The crowd is gathered in the central square in Jerusalem.  Hundreds of people are milling around.  The Roman governor is about to make a speech to the populace.  The crowd is made up of a motley group of people.  There are the civic leaders, the religious leaders, the unemployed day laborer, and those who were out on an errand, who stopped to listen.  Average citizens.

But there is another man in the crowd.  He looks perfectly normal, except you can see the adrenaline is doing its work.  He is tense.  He’s restless.  He is not looking at the Governor, instead his eyes dart to and fro across the crowd.   Then he begins to move, looking like he wants a better location from which to view the major event of the day.  But he isn’t looking for a better view, he is looking for a specific man in the crowd.  Then he spots him.  He slowly shifts through the crowd until he is behind the man he has been seeking.  He slips his hand into his tunic and pulls out a knife, and a split second later he has plunged it into the well dressed man.  And just as quickly he drops the knife and blends with the crowd before anyone knows what has happened.  The man who died was considered to be a traitor in Israel.  He was a man who simply cooperated with Roman authorities.  The man who struck the blow is a Zealot.  A patriot.

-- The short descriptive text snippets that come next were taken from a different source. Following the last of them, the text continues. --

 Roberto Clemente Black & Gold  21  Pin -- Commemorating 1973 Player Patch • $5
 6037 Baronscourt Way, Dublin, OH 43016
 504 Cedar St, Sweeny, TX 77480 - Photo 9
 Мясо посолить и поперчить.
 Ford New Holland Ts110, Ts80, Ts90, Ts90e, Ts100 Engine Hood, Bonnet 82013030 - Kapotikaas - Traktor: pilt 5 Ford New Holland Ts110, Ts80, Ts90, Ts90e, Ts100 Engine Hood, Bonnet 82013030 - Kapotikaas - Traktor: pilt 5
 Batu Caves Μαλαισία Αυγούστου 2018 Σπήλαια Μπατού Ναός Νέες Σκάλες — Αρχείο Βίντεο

A member of the underground movement trying to drive Rome back to Europe.

The disciple we meet today is called Simon the Zealot.  If we were to place him into the context of our own day we would say he belongs either to the El Qaida or the White Supremacies.  He would belong to groups in our world that believed that violence was a legitimate means to their ends.

The Zealots became a name for a political party shortly after the time of Jesus.  But it was also a name given to people who shared a similar view point that violence was a legitimate way to win against the evil of Roman occupation.

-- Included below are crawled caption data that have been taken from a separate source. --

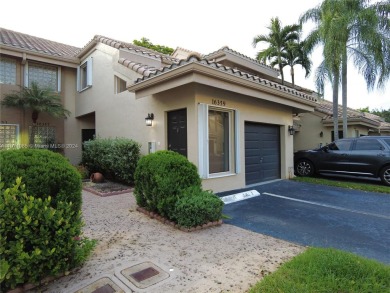 Best Buy in Weston! This stunning townhouse in California Courts on Bonaventure Country Club in Florida - for sale on GolfHomes.com, golf home, golf lot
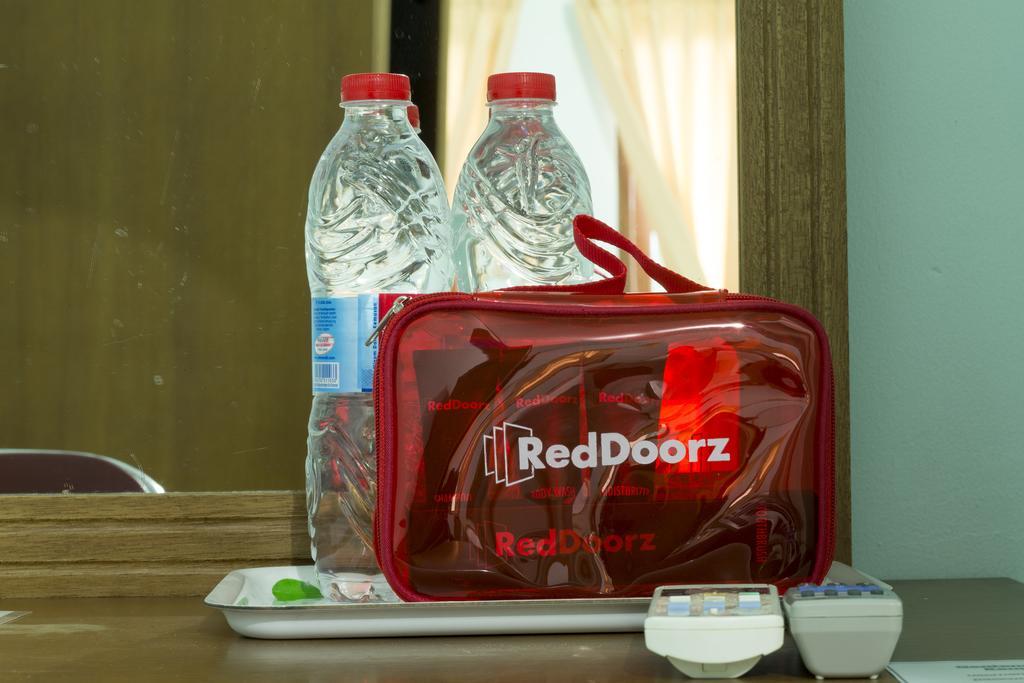 庫塔 Reddoorz Near Pantai Jerman酒店 外观 照片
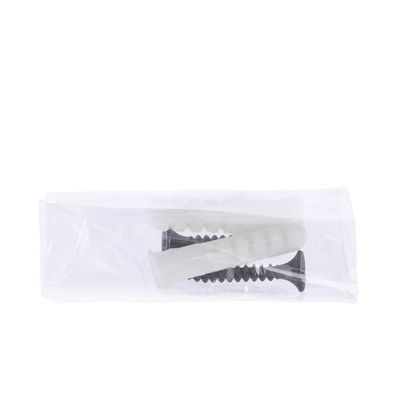 Упаковка с черными винтами и белыми дюбелями, подходит для монтажных работ.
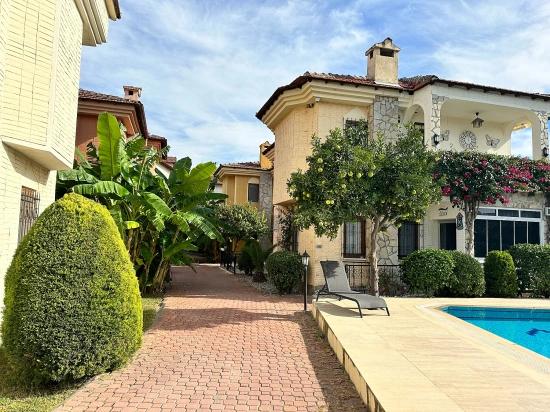 Duplex Villa For Sale In A Quiet And Peaceful Complex In The Center Of Dalyan.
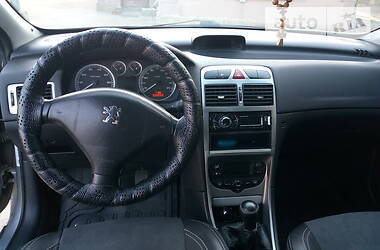 Хетчбек Peugeot 307 2002 в 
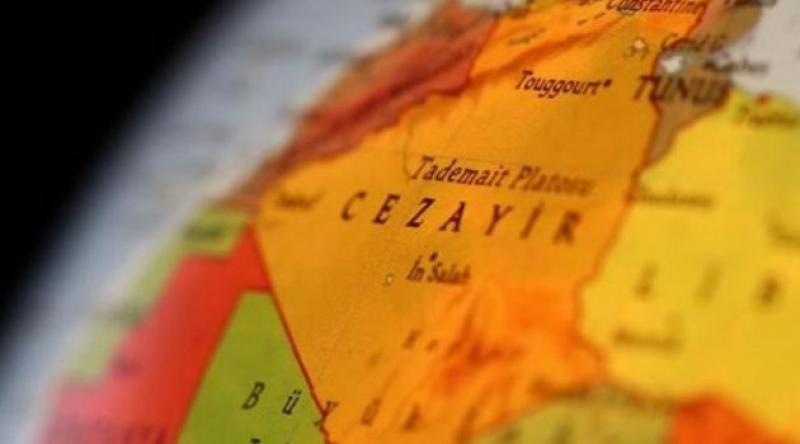 Cezayir, koronavirüs tedbirleri kapsamında durdurulan ticari faaliyetleri yeniden başlattı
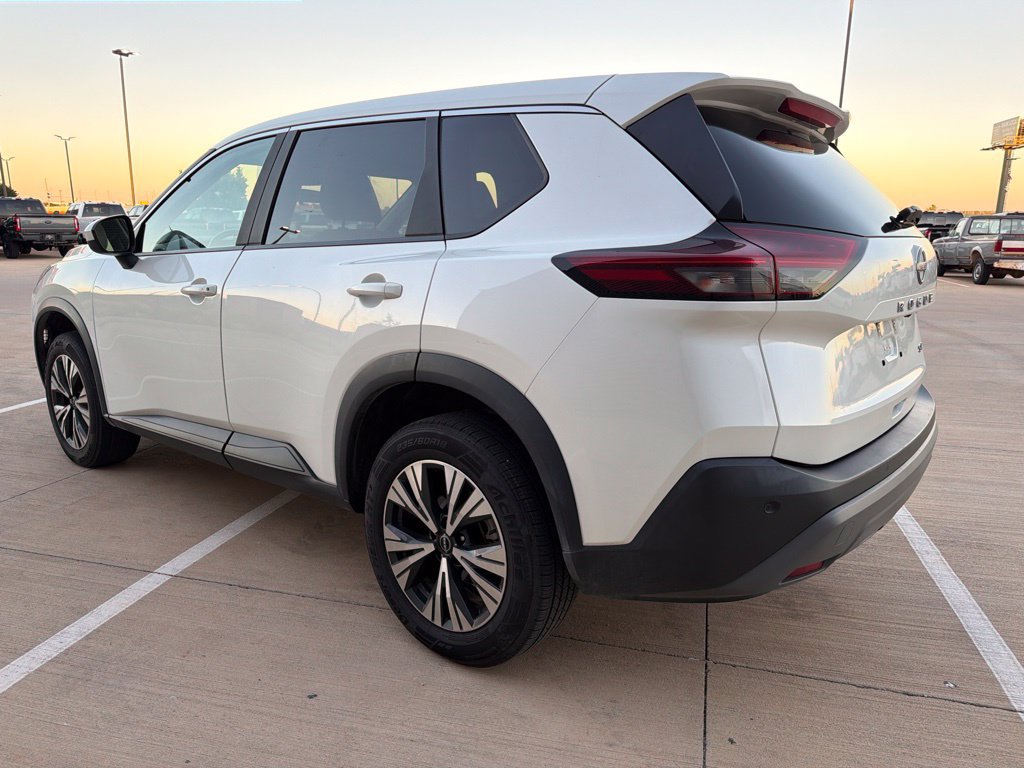 Used 2023 Nissan Rogue SV FWD image 5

But lest we misunderstand these people, I need to tell you that they were not thugs.  They were not bandits.  They were deeply religious people.  They loved God, with zeal.  They loved the law of God with passionate intensity.  They took their faith with great seriousness.   They wanted God to rule Israel and to restore the Kingdom of God.  But they also believed that if those who ruled them were irreligious, then that Kingdom would never come.  So the best way to bring about the reign of God was to remove those in civic or religious authority who cooperated with evil, or broke the law of God.  Since there were no democratic elections by which to remove corrupt leaders, the knife in the back was a way of casting their vote.

These people had great Biblical justification for their way of life.  They could scan the pages of the Old Testament and find heroes of the faith who with sword in hand served the purposes of God.  Men like Moses and Joshua who wielded the sword against the Canaanites, or the Judges who judged with the sword, some of the early Prophets like Elijah at Mount Carmel who killed 850 false prophets.  Recent heroes, such as the Maccabee brothers also made violence look like an acceptable way to carry out the will of God.  These men did not do violence for selfish gain, but for God and Israel and to bring in the Kingdom of God.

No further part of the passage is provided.